With the next mid-term elections just a year away, states must move immediately to prevent future tampering. To address election system vulnerabilities, state election officials must develop a plan that focuses on five areas:
1. Secure databases. First, a state board of elections should lock down databases where voter information is kept so voters feel secure in the state’s ability to protect their identities. This can be difficult, however, as election processes, which range from counting the votes to making sure the voting machines are secure, may not be well controlled. Voting management and voting machine technology vary greatly from state to state or even county to county within the same state, creating a broad range of potential vulnerabilities. Securing voter databases will require a statewide effort with strong guidance on best practices.
2. Implement secure voting procedures. States must ensure that votes are counted accurately and completely. Security analysts have warned for years about the security risks of touch-screen voting machines, and in the last election the Russians made progress toward hacking voting machines and systems. If a state has not taken clear, public measures to ensure the public that the selection they make in the voting booth is being recorded and reported properly, then confidence in our elections will suffer.
States should start with an inventory of the people, processes and technologies they have in place in all their counties. Examine current privacy and security procedures and identify any vulnerabilities. From that baseline, states can establish a roadmap for effective policies and procedures to protect against security breaches.
3. Shore up election audit processes. States must be able to ensure that their vote totals can be reviewed and audited. In the 2016 elections, there were recounts in five different states and allegations of voter fraud in two others where the recount process and the accuracy of voting machines were called into question. The inaccuracy and unreliability of the auditing process allowed for enough doubt that both parties started to question not only the credibility of the original vote count, but the electoral process itself.
In every state, voting machines should be secured and sealed at the end of the day, and paper ballots or data cards should be transported in a sealed box to a secure location by an approved state official. States need a proven chain of custody, with everything recorded, audited and handled much like a financial transaction or court document. In smaller jurisdictions today, it’s not uncommon to see ballot boxes left open, old ballots kept in unsecured storage areas or even homes where it’s possible to tamper with them.

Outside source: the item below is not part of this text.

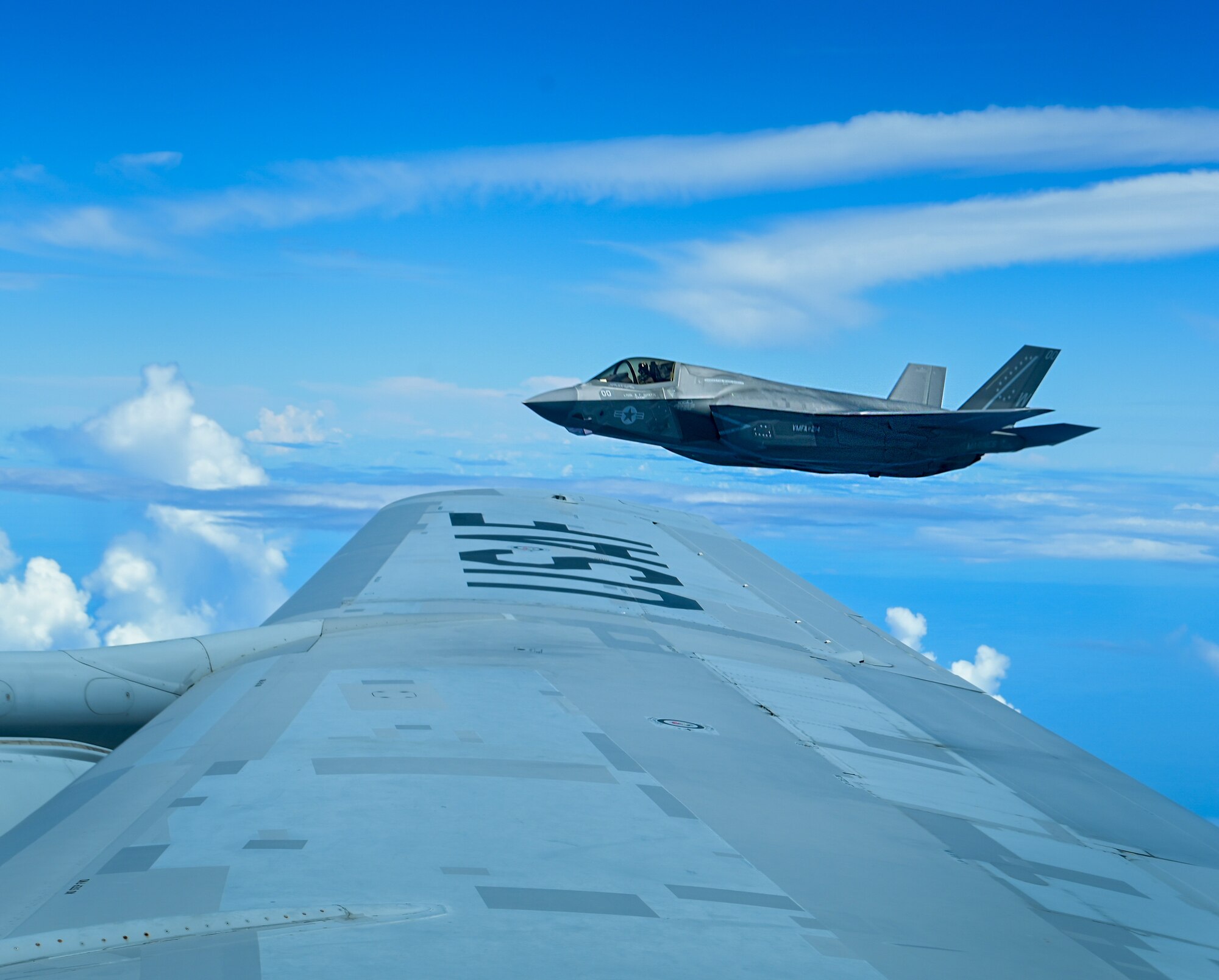 A U.S. Air Force and U.S. Marine Corps aircraft fly in formation.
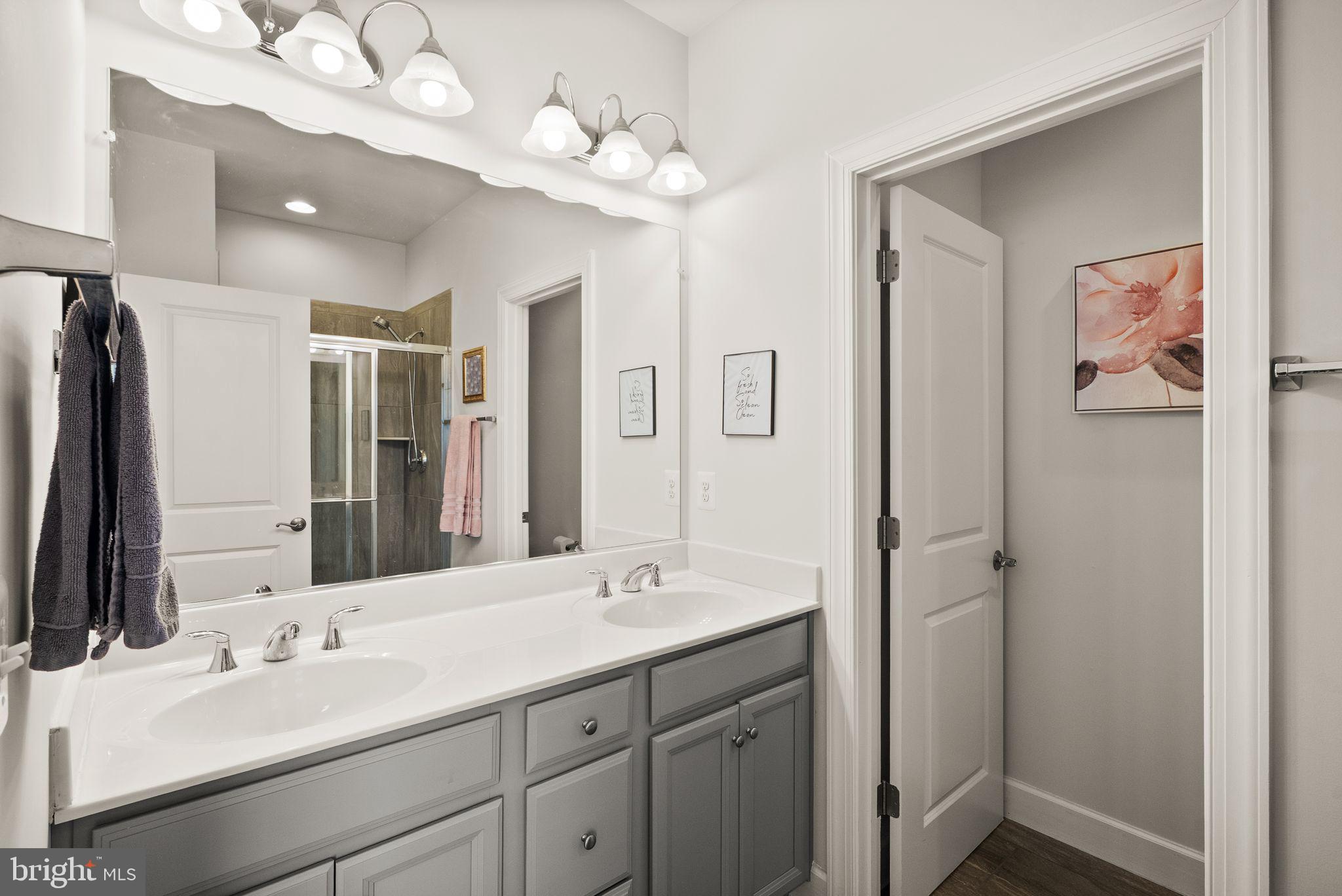 13803 Litespeed Way Gainesville, VA 20155 - Photo 20 of 37 a bathroom with a double vanity sink mirror and double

Tightening up those processes, and in some cases the technologies, is key to making sure the vote is accurate and that any recounts will find the same number of votes as the first count.
4. Properly vet any new voting management systems. When new systems are introduced into the election infrastructure, new avenues of attack can come with them. Some states have deployed voting management systems that were compromised in 2016. When a state makes a change or an addition, it is important to assess the new technology for any new vulnerabilities that attackers can exploit. Proper security procedures must be a priority during the implementation process.
5. Educate. Most of the time, the easiest part of the system to exploit is the human being that sits in the middle of it. John Podesta, who led the Clinton campaign, fell for a phishing scam, and Wikileaks obtained and published his emails, exposing the party’s strategies and embarrassing exchanges. If a state focuses on its systems while neglecting to educate everyone in its network about how to recognize a hacker’s ploys, it is inviting the same consequences that befell the Democratic presidential campaign.
The Russian attack on the 2016 presidential election highlighted the vulnerabilities of our election process and procedures. Hacking elections is a threat we’ve never had to deal with before and something most states were clearly not prepared for. With the mid-term elections only a year away, states still have significant work to do to prevent future tampering.
Eric Hodge is director of consulting at CyberScout.